Assignment: Go to the line that contains "Pair of gilt". Restate that line and each one after it exactly, through the end of the records, without pictures.

Listed entries:
----------

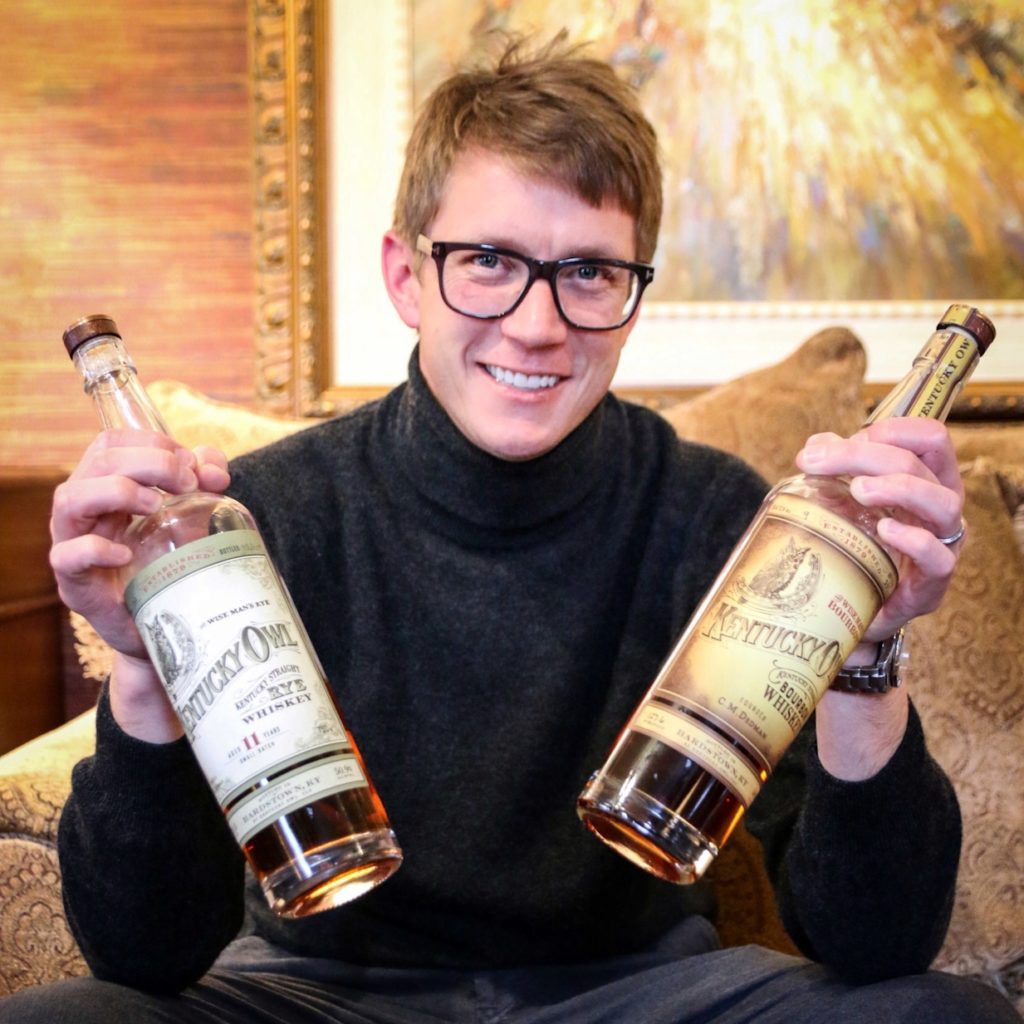 Man holding two bottles of Kentucky Owl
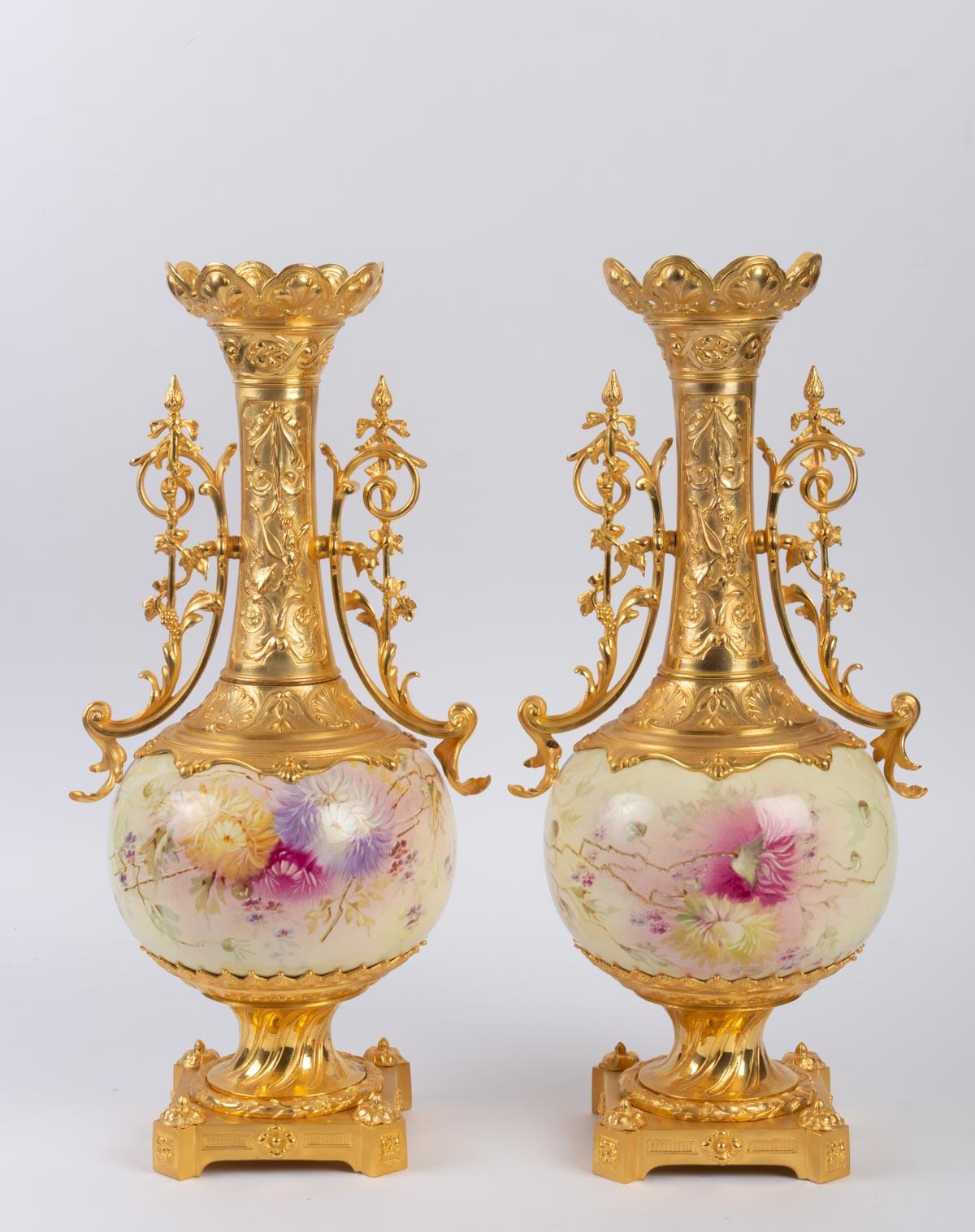 Pair of gilt bronze and painted porcelain vases, Napoleon III period, 19th century.
Measures: H 45 cm, W 23 cm, D 19 cm.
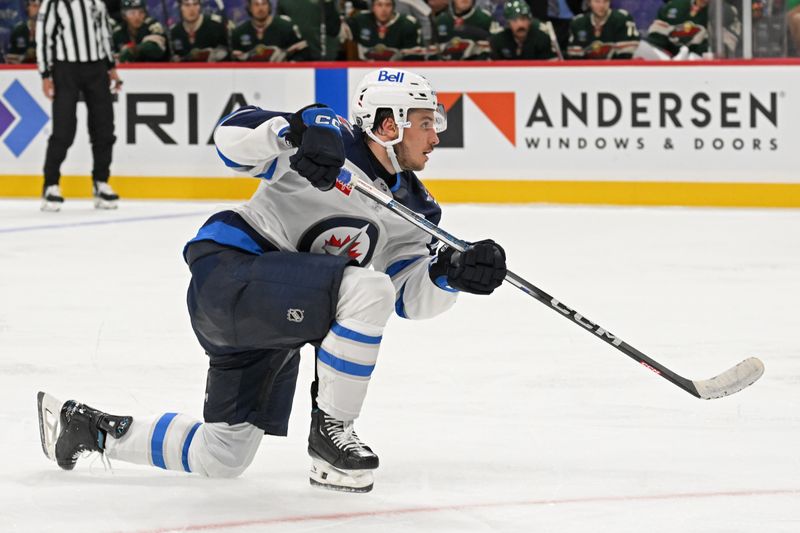 Sep 27, 2024; Saint Paul, Minnesota, USA;  Winnipeg Jets forward Nikita Chibrikov (90) takes a shot on goal against the Minnesota Wild during the third period at Xcel Energy Center. Mandatory Credit: Nick Wosika-Imagn Images

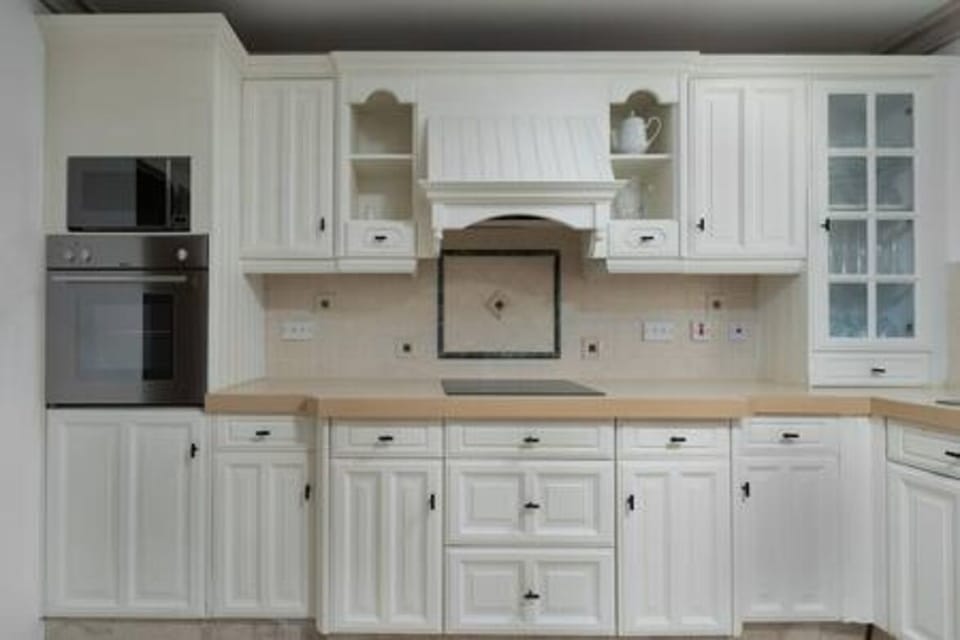 A fully equipped kitchen including a dishwasher, coffee maker, electric hob and microwave.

----------

Expected answer:
 Pair of gilt bronze and painted porcelain vases, Napoleon III period, 19th century.
Measures: H 45 cm, W 23 cm, D 19 cm.
 Sep 27, 2024; Saint Paul, Minnesota, USA;  Winnipeg Jets forward Nikita Chibrikov (90) takes a shot on goal against the Minnesota Wild during the third period at Xcel Energy Center. Mandatory Credit: Nick Wosika-Imagn Images

 A fully equipped kitchen including a dishwasher, coffee maker, electric hob and microwave.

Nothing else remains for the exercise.